------ SUPPLIED MATERIAL ------

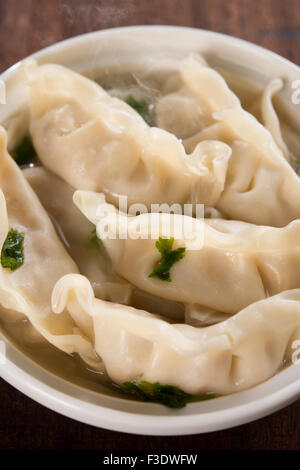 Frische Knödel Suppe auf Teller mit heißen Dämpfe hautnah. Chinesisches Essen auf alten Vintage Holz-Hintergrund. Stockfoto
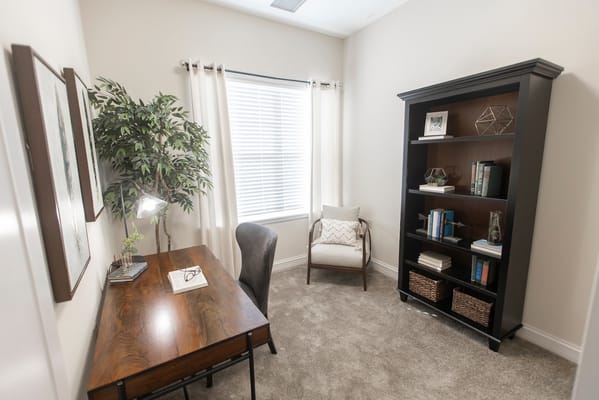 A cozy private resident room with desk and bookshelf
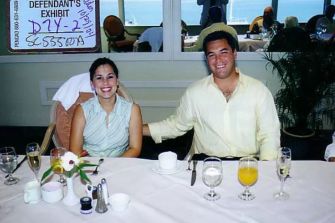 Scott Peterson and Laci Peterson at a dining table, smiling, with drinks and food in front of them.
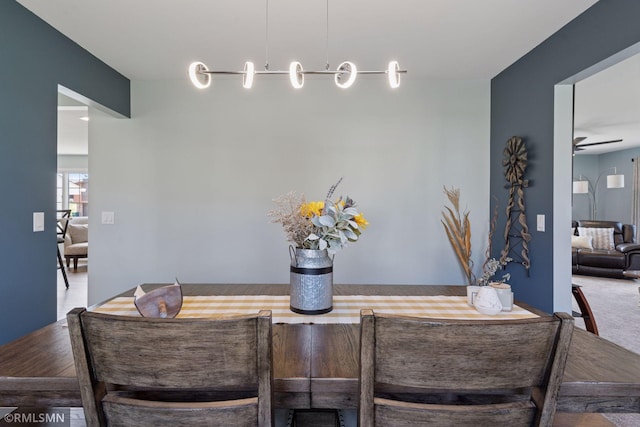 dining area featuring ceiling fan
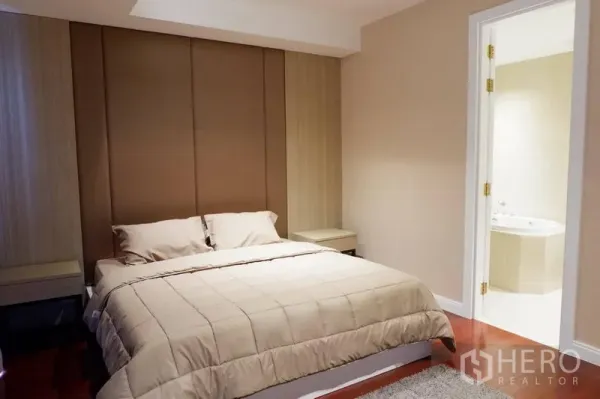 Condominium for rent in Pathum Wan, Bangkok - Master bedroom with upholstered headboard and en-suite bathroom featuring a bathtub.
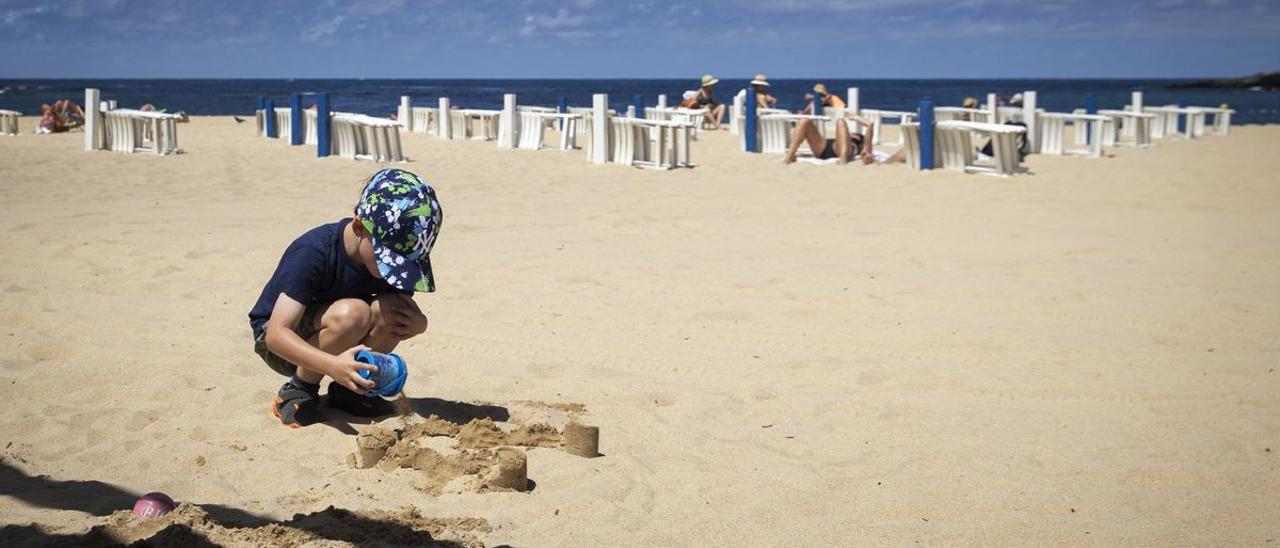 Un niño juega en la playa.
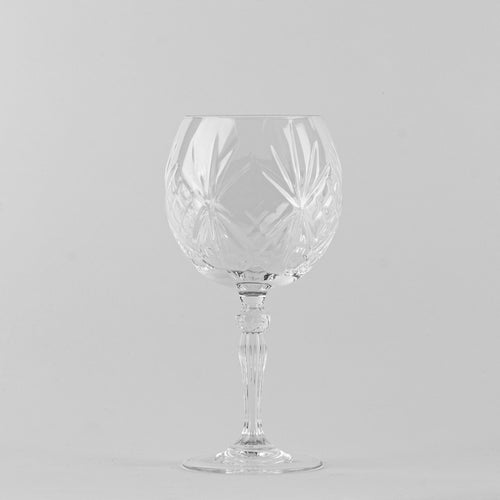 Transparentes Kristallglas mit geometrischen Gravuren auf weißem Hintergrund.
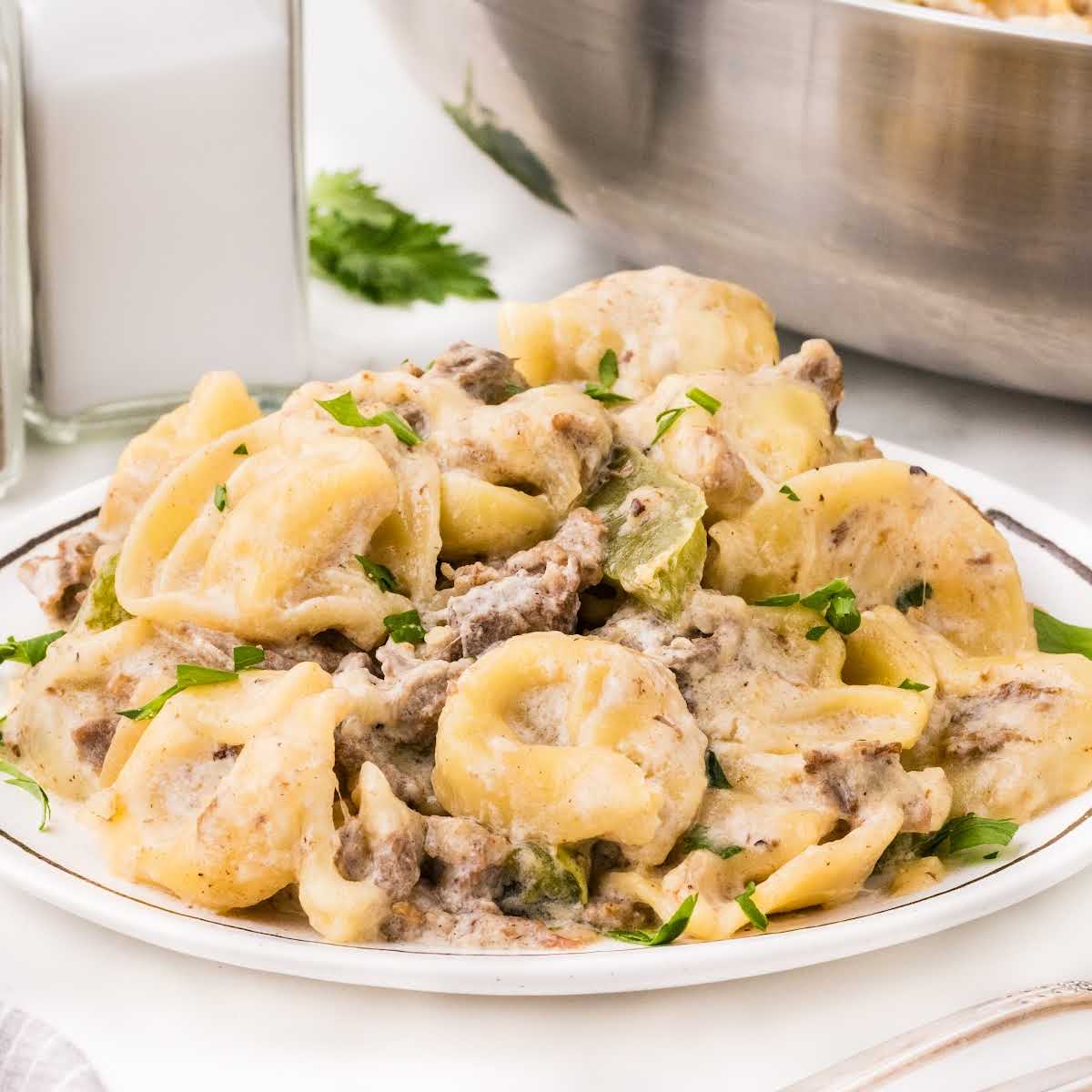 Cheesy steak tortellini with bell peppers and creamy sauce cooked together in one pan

------

* PROBLEM DESCRIPTION
Where the line containing "Condominium for rent" appears, begin writing out the lines word for word, and continue through the last line of the data, leaving out pictures.

* RESPONSE AREA
 Condominium for rent in Pathum Wan, Bangkok - Master bedroom with upholstered headboard and en-suite bathroom featuring a bathtub.
 Un niño juega en la playa.
 Transparentes Kristallglas mit geometrischen Gravuren auf weißem Hintergrund.
 Cheesy steak tortellini with bell peppers and creamy sauce cooked together in one pan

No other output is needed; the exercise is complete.